In fact, high-end consultancy Oxford Economics wrote a report titled How Robots Change the World in which they developed a “vulnerability score,” which highlights how poorer regions in the UK, USA, France, Germany, and Japan will be hurt more as automation continues to move into the workforce. On average, every hired robot takes away 1.6 jobs. In higher-income areas, it’s only 1.3. In lower-income areas, it’s 2.2.
“Our research shows that the negative effects of robotisation are disproportionately felt in the lower-income regions of the globe’s major economies – on average, a new robot displaces nearly twice as many jobs in lower-income regions compared with higher-income regions of the same country,” says the report. “At a time of worldwide concern about growing levels of economic inequality and political polarisation, this finding has important social and political implications.”

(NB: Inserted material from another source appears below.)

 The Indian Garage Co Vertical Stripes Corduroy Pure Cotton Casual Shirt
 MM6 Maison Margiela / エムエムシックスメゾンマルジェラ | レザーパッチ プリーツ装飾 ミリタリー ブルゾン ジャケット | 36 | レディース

The tech industry is no stranger to inequity. Companies like Amazon have not only been criticized for the hand in creating the automation tsunami, but also for the unfit conditions their warehouse employees work in despite being a billion dollar company. As of 2018, Facebook only employs only 35, 587 people. To put that in perspective, Volkswagen, whose industry has surely seen its fair share of automation, employs 656,000.
The “great displacement” is not only impacting employee livelihood or opportunities for employment in a growing industry. The report claims that it will have wider-reaching, sociological implications: The regional inequalities that exist within countries, such as England’s north-south divide, could be exacerbated by the rise of the robots.”